### [ABOUT THIS EXERCISE]
Please give every line below again exactly, but not its pictures.

┄┄┄┄┄┄┄┄┄┄┄┄┄┄┄┄┄┄┄┄

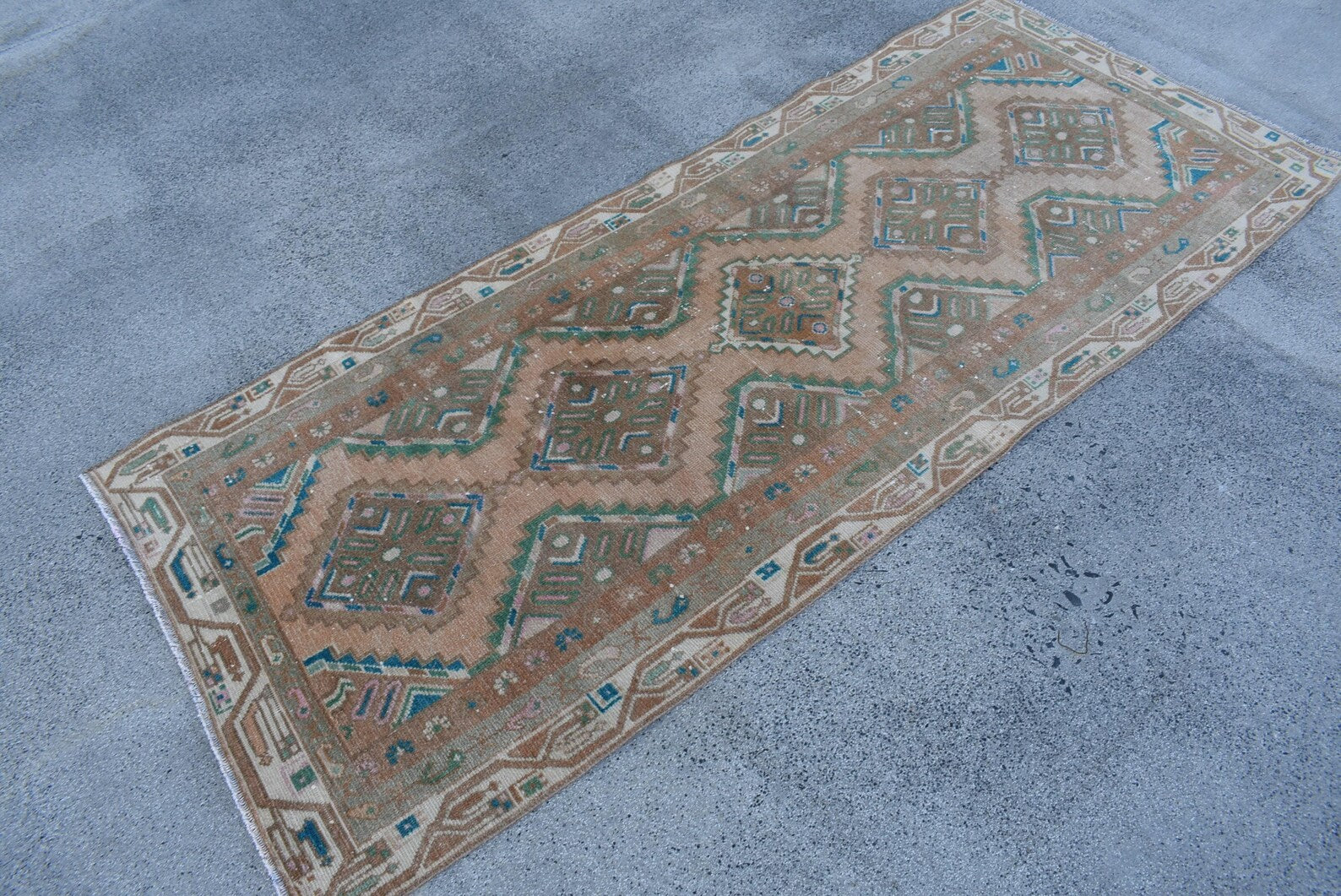Vintage Turkish Accent Area rug 3 x 7.2 ft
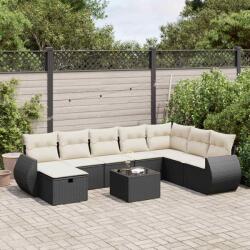 vidaXL 9 részes fekete polyrattan kerti ülőgarnitúra párnákkal (3325642)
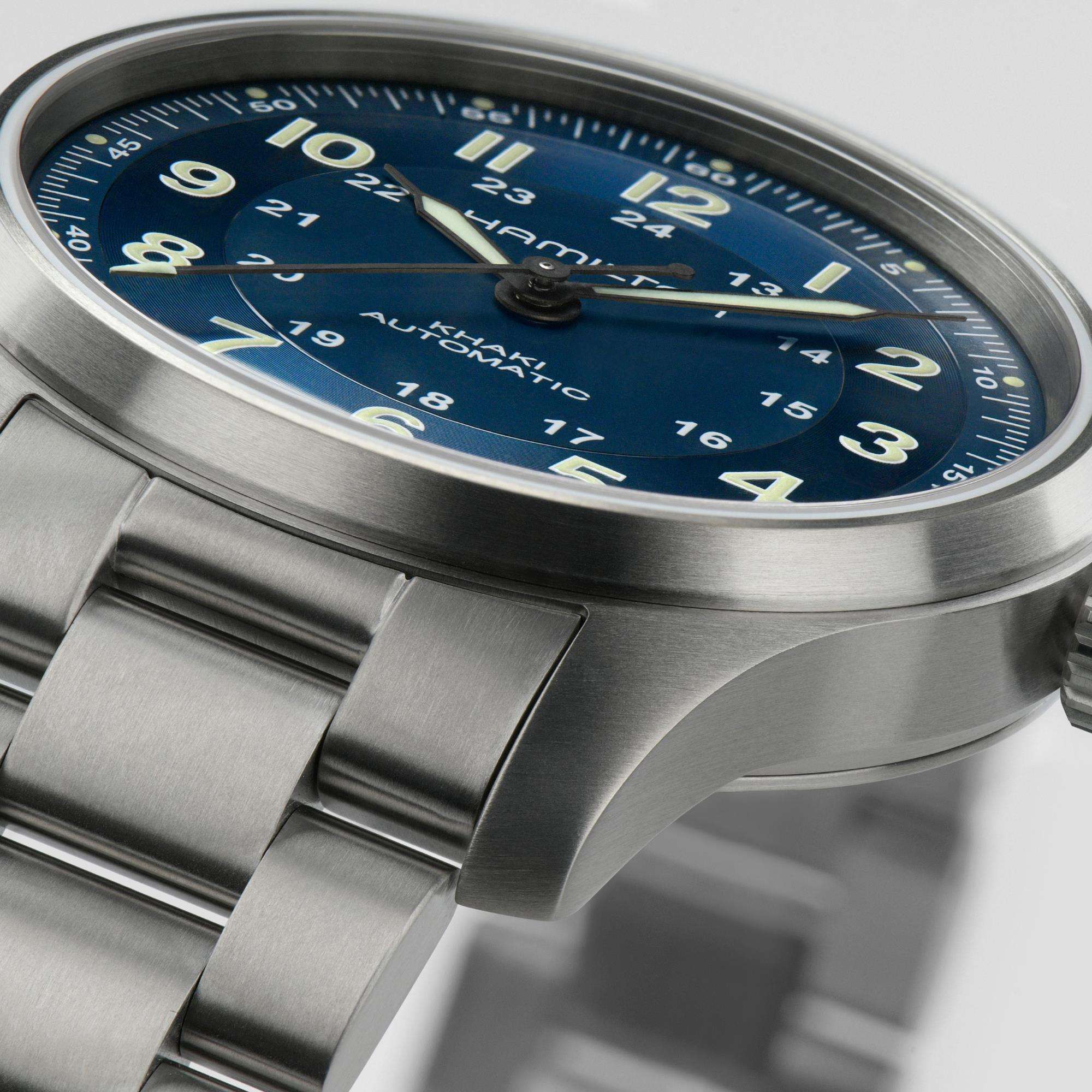 Hamilton Khaki Field Titanium Automatic Blue Dial Steel Strap Men's Watch H70545140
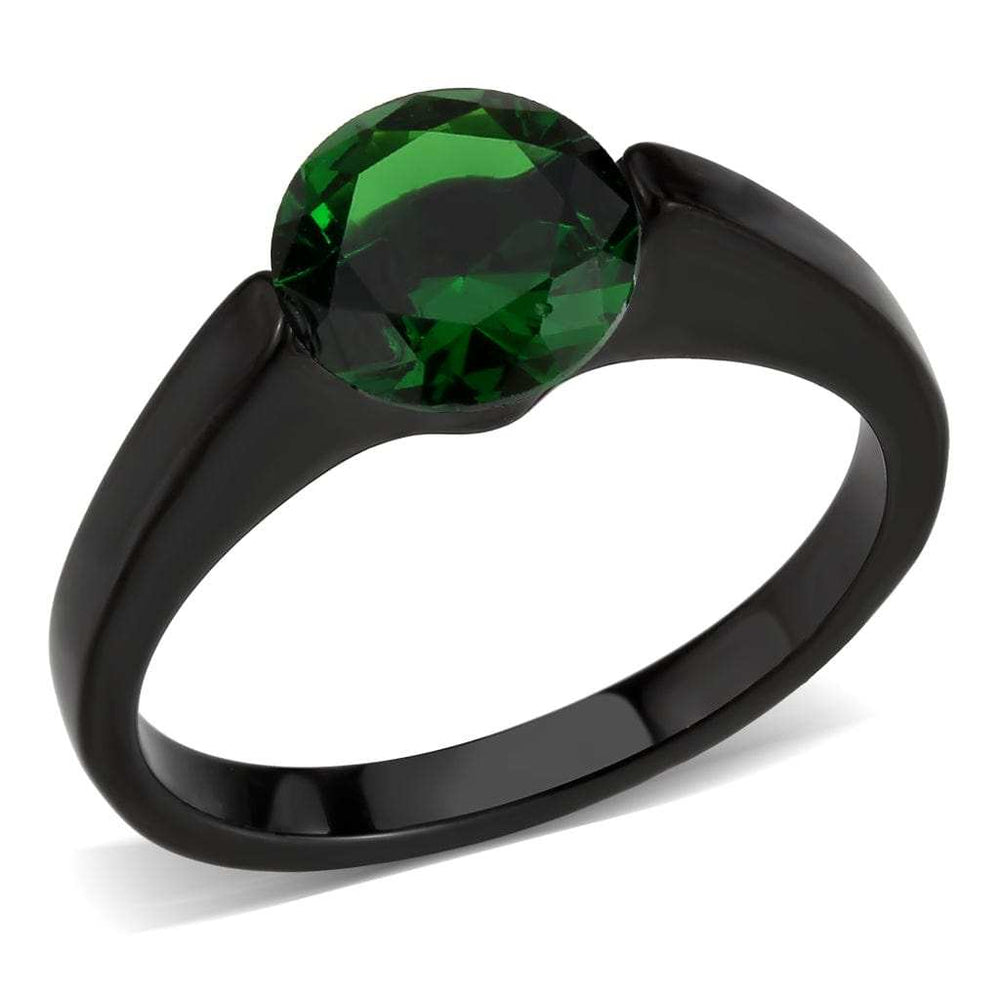TK3738 IP Black Stainless Steel Ring with Synthetic in Emerald - Alamode - Flyclothing LLC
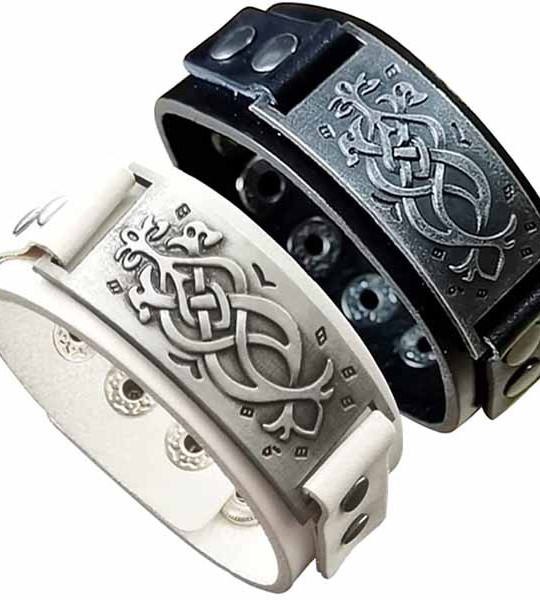 Dara Celtic Knot Bracelet - 2 PCS Viking Bracelet with Vintage Totem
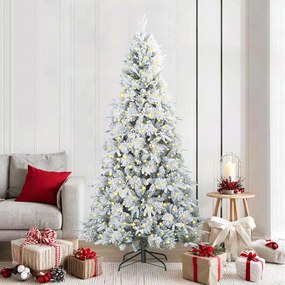 vidaXL Árvore de Natal Articulada Artificial Branco 210 cm PE e PVC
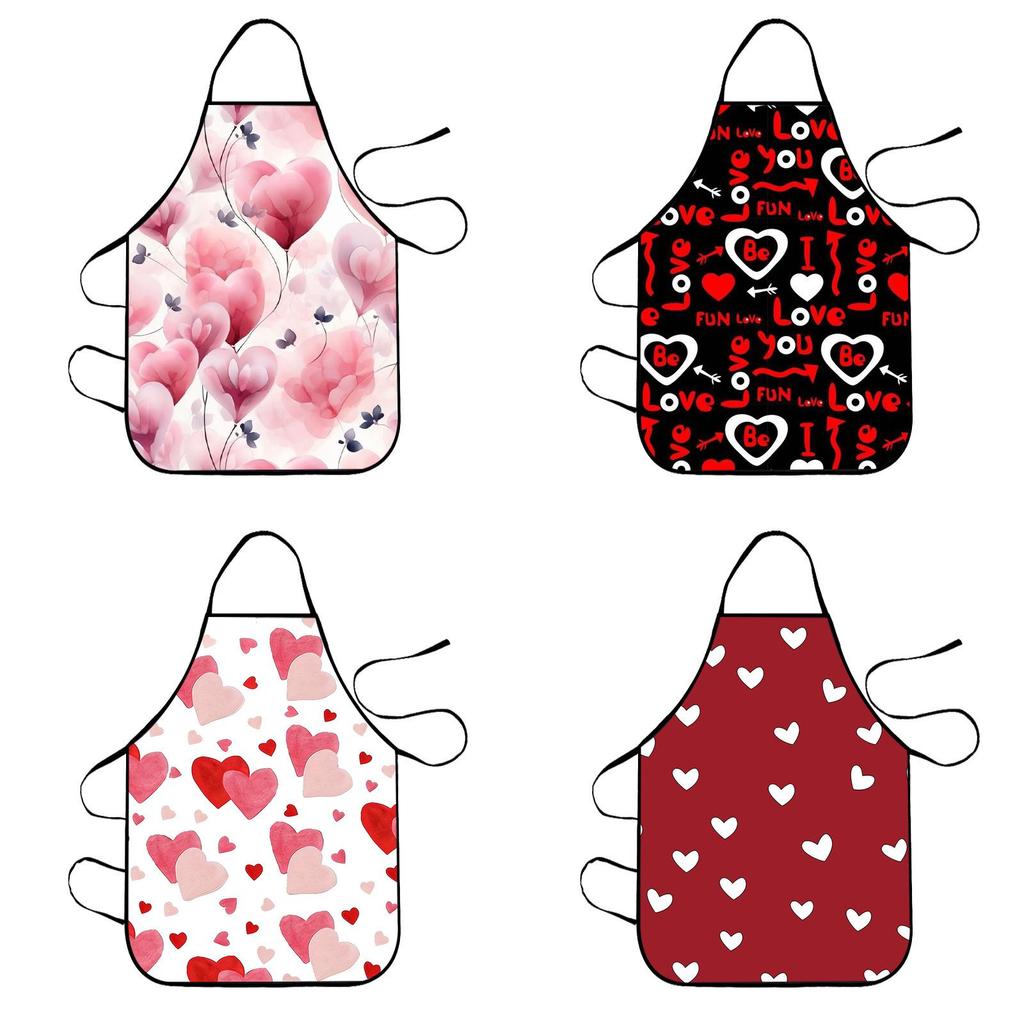 Romantic Valentines Day Apron With Black Heart Letter Print Waterproof Sleeveless Kitchen Cooking Gear For Couples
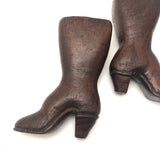 Nicely Carved Antique Boot Shaped Vesta, A Pair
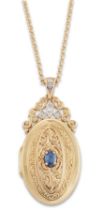 A 14ct gold sapphire and diamond set locket, by Royal Doulton, limited edition 'Diana' pattern, s...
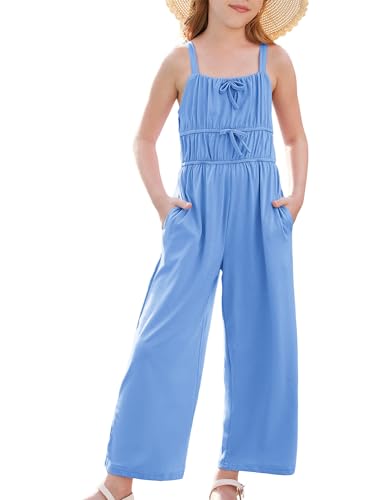 GRACE KARIN Mädchen Sommer Casual Jumpsuit Einteiliger Strampler mit Taschen Square Neck Bodysuit Blau 6-7 Jahre GRACE KARIN Mädchen Sommer Casual Jumpsuit Einteiliger Strampler mit Taschen Square Neck Bodysuit Blau 6-7 Jahre von GRACE KARIN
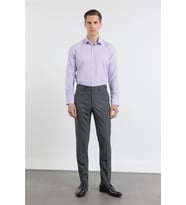 Siyah-Füme Yan Cep Kazayağı Desen Slim Fit Esnek Classic Pantolon 1003255174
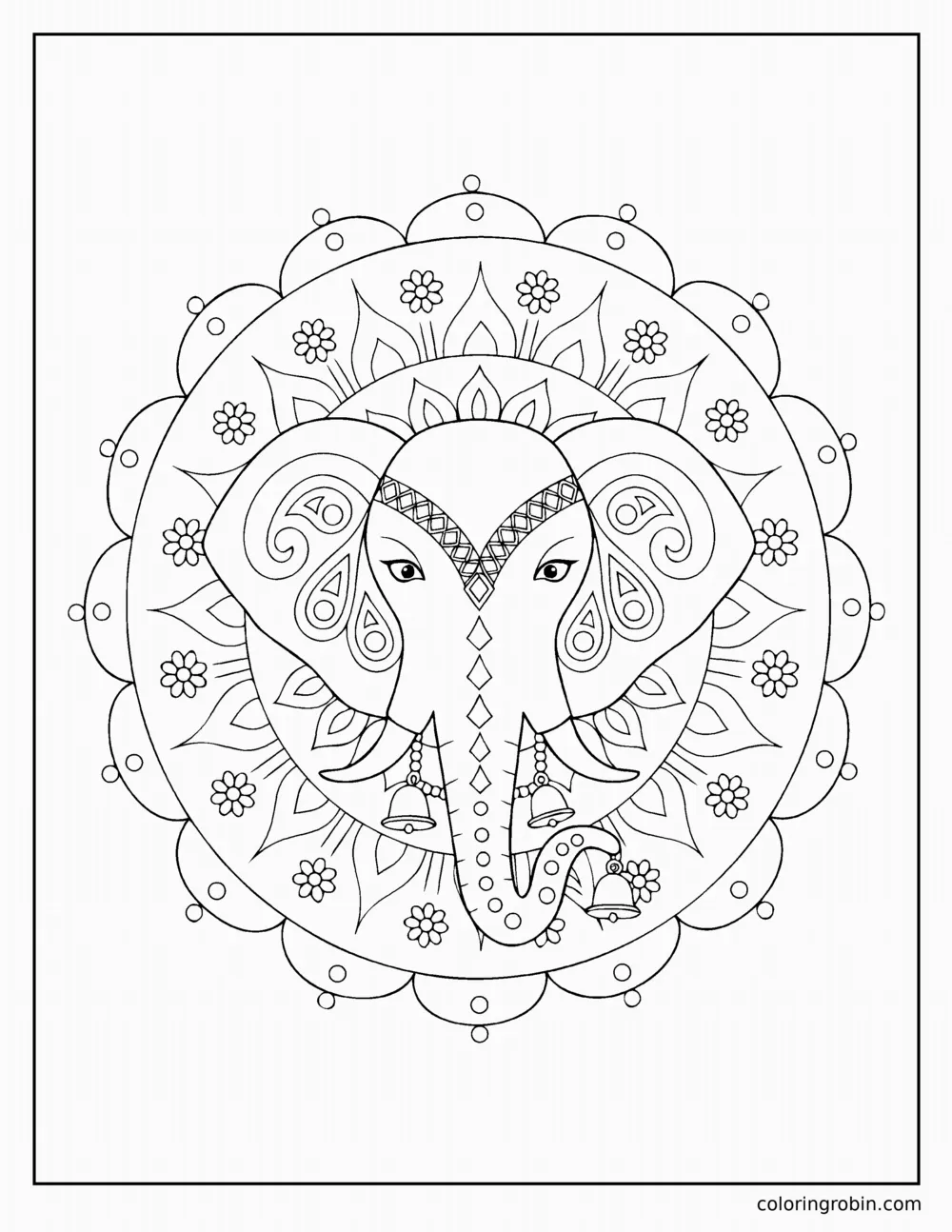 Elephant Mandala coloring page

┄┄┄┄┄┄┄┄┄┄┄┄┄┄┄┄┄┄┄┄

### [REPLY TO THE EXERCISE]
Vintage Turkish Accent Area rug 3 x 7.2 ft
 vidaXL 9 részes fekete polyrattan kerti ülőgarnitúra párnákkal (3325642)
 Hamilton Khaki Field Titanium Automatic Blue Dial Steel Strap Men's Watch H70545140
TK3738 IP Black Stainless Steel Ring with Synthetic in Emerald - Alamode - Flyclothing LLC
 Dara Celtic Knot Bracelet - 2 PCS Viking Bracelet with Vintage Totem
 vidaXL Árvore de Natal Articulada Artificial Branco 210 cm PE e PVC
 Romantic Valentines Day Apron With Black Heart Letter Print Waterproof Sleeveless Kitchen Cooking Gear For Couples
 Nicely Carved Antique Boot Shaped Vesta, A Pair
 A 14ct gold sapphire and diamond set locket, by Royal Doulton, limited edition 'Diana' pattern, s...
 GRACE KARIN Mädchen Sommer Casual Jumpsuit Einteiliger Strampler mit Taschen Square Neck Bodysuit Blau 6-7 Jahre GRACE KARIN Mädchen Sommer Casual Jumpsuit Einteiliger Strampler mit Taschen Square Neck Bodysuit Blau 6-7 Jahre von GRACE KARIN
 Siyah-Füme Yan Cep Kazayağı Desen Slim Fit Esnek Classic Pantolon 1003255174
 Elephant Mandala coloring page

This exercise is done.